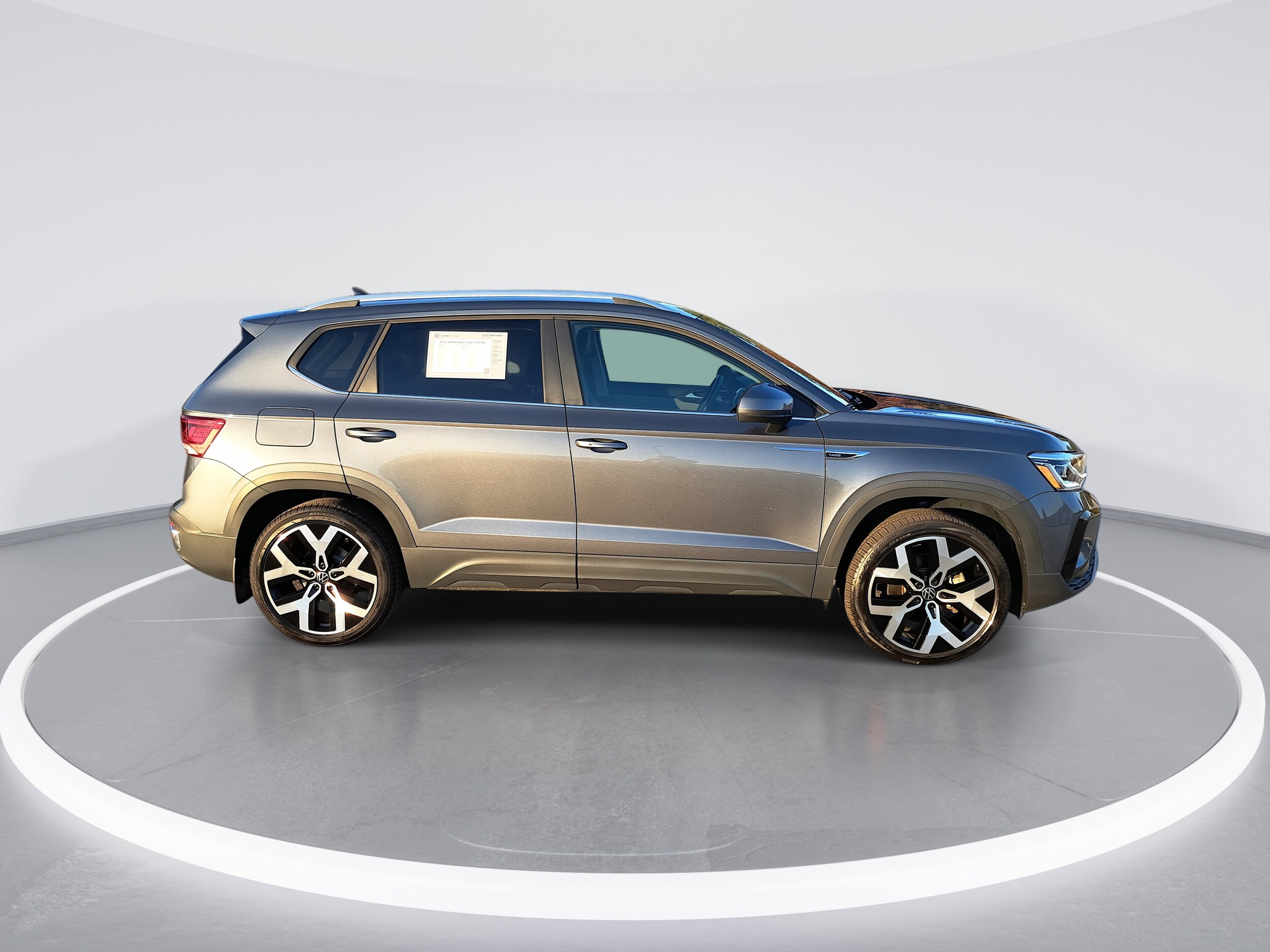 2022 Volkswagen Taos SEL photo 2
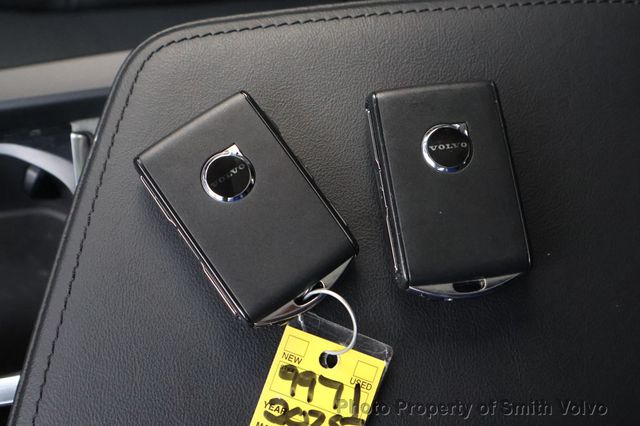 2025 Volvo XC60 B5 AWD Plus - 22962655 - 16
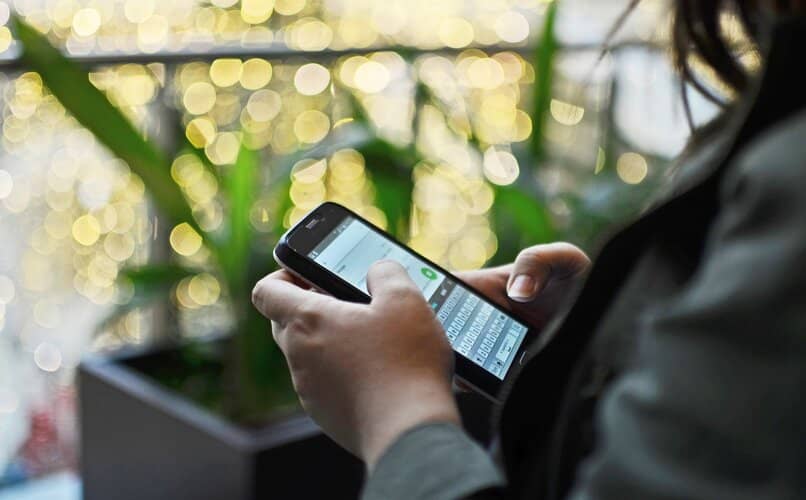 persona configurando app de whatsapp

=======

**What you will do**
Drop the images; restate the listing exactly.

**Reply to the exercise**
 2022 Volkswagen Taos SEL photo 2
 2025 Volvo XC60 B5 AWD Plus - 22962655 - 16
 persona configurando app de whatsapp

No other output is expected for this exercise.